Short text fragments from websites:
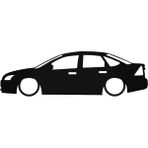 Oto Sticker Ford Focus Mk1 Sedan Basık Kelebek Silüet Stickeri 2 Adet - Beyaz - 15x6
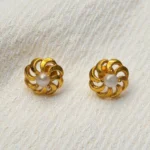 Gold Plated With Pearl Stud Earrings - ADGE064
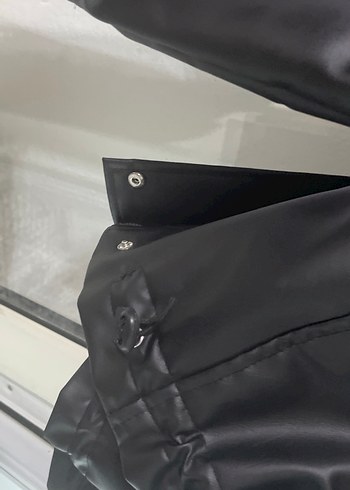 38 Beden Düğmeli Ayarlamalı Siyah Kadın Deri Ceket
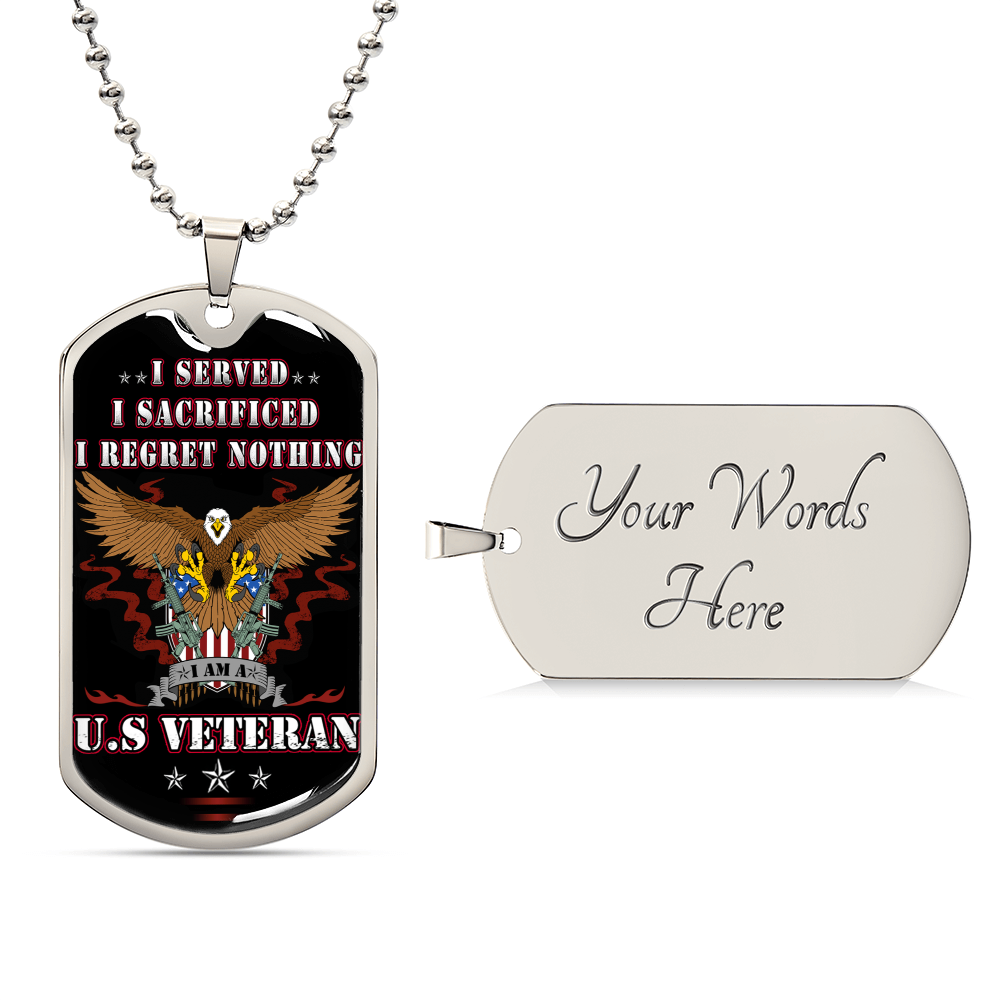 Proud Veteran Dog Tag Premium Pendant - Army Tag Necklace, Dog Tag Necklace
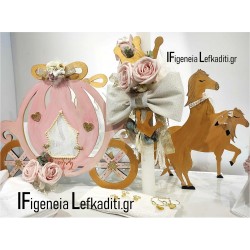 Σετ Βάπτισης Κορίτσι “Little Princess Flower” - Πριγκίπισσα Άμαξα με Άλογα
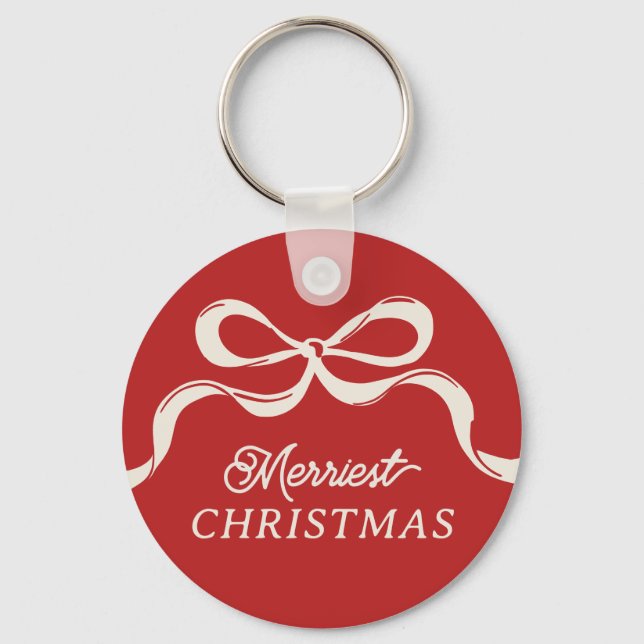 Modern Christmas Bows Trendy Holiday Red  Keychain (Front)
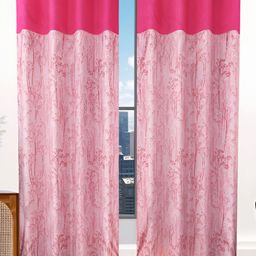 Stella Creations Pink 2 Pieces Floral Room Darkening Door Curtains-image-84
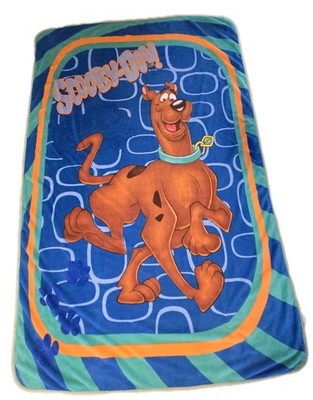 Scooby-Doo 大判ラグ ブランケット ラグマット ヴィンテージ USA製 Vintage Scooby Doo Large Blanket Green Blue Orange Bus Paw Print
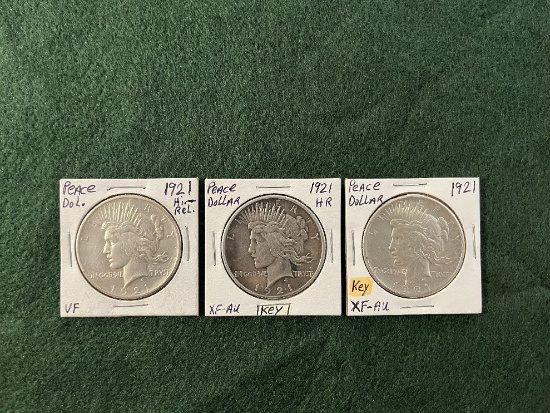 (3) Peace Dollars: (1) 1921 No Mint Mark VF, (2) 1921 No Mint Mark XF-AU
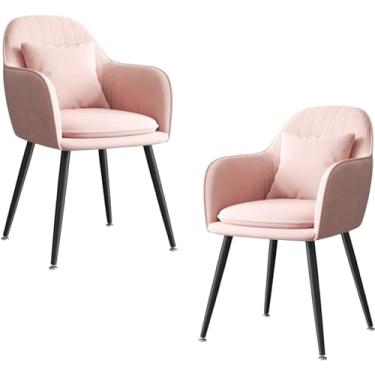 Imagem de ZYHSIJOBAS Cadeiras de jantar, cadeiras de jantar de tecido de veludo macio, conjunto de 2 cadeiras de cozinha, cadeira de maquiagem com pernas de metal preto, cadeira lateral com poltrona travesseiro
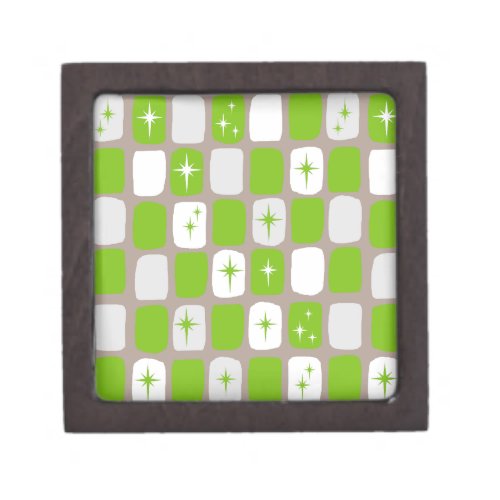 Retro Green and White Starbursts Keepsake Box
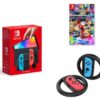 Nintendo Switch OLED Neon, Mario Kart 8 Deluxe & Racing Wheels Bundle, Red,Blue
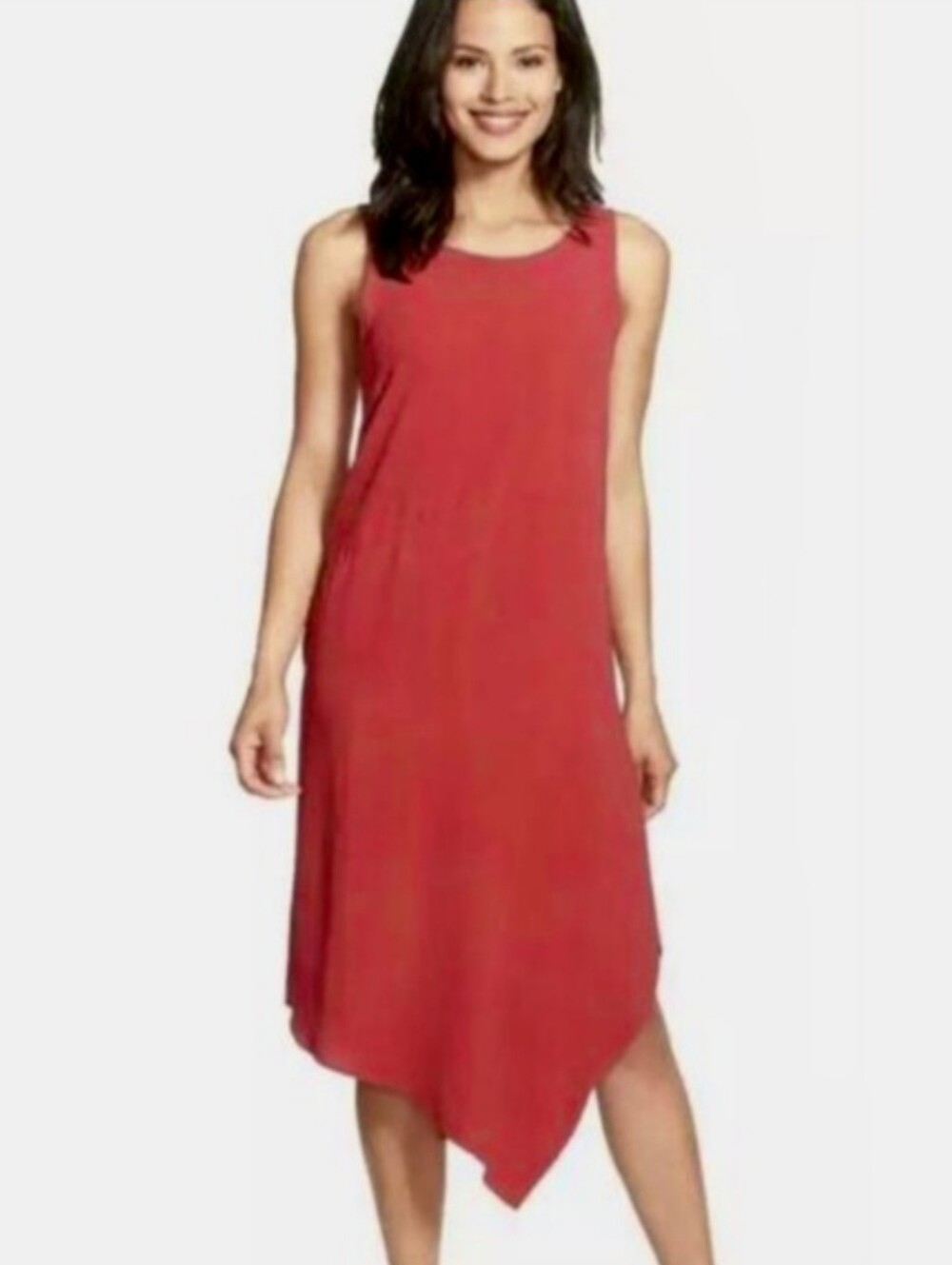 Eileen Fisher 100% Silk Sleeveless Breezy Saffron Asymetrical Dress Size XL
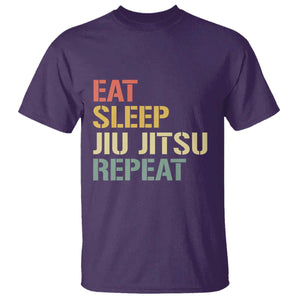 Retro Eat Sleep Jiu Jitsu Repeat T Shirt Vintage JiuJitsu BJJ TS10 Purple Print Your Wear
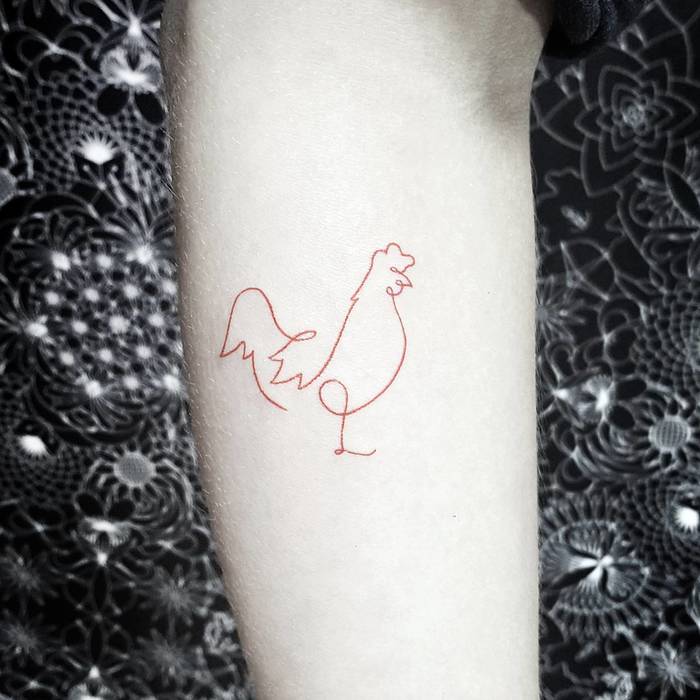 Minimalist Single Line Rooster Tattoo by soyfelizstudio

WHAT IS BEING ASKED
Return the lines above exactly; the images are not part of the copy.

EXERCISE RESULT
 Oto Sticker Ford Focus Mk1 Sedan Basık Kelebek Silüet Stickeri 2 Adet - Beyaz - 15x6
 Gold Plated With Pearl Stud Earrings - ADGE064
 38 Beden Düğmeli Ayarlamalı Siyah Kadın Deri Ceket
 Proud Veteran Dog Tag Premium Pendant - Army Tag Necklace, Dog Tag Necklace
 Σετ Βάπτισης Κορίτσι “Little Princess Flower” - Πριγκίπισσα Άμαξα με Άλογα
 Modern Christmas Bows Trendy Holiday Red  Keychain (Front)
 Stella Creations Pink 2 Pieces Floral Room Darkening Door Curtains-image-84
 Scooby-Doo 大判ラグ ブランケット ラグマット ヴィンテージ USA製 Vintage Scooby Doo Large Blanket Green Blue Orange Bus Paw Print
 (3) Peace Dollars: (1) 1921 No Mint Mark VF, (2) 1921 No Mint Mark XF-AU
 Imagem de ZYHSIJOBAS Cadeiras de jantar, cadeiras de jantar de tecido de veludo macio, conjunto de 2 cadeiras de cozinha, cadeira de maquiagem com pernas de metal preto, cadeira lateral com poltrona travesseiro
 Retro Green and White Starbursts Keepsake Box
 Nintendo Switch OLED Neon, Mario Kart 8 Deluxe & Racing Wheels Bundle, Red,Blue
 Eileen Fisher 100% Silk Sleeveless Breezy Saffron Asymetrical Dress Size XL
 Retro Eat Sleep Jiu Jitsu Repeat T Shirt Vintage JiuJitsu BJJ TS10 Purple Print Your Wear
 Minimalist Single Line Rooster Tattoo by soyfelizstudio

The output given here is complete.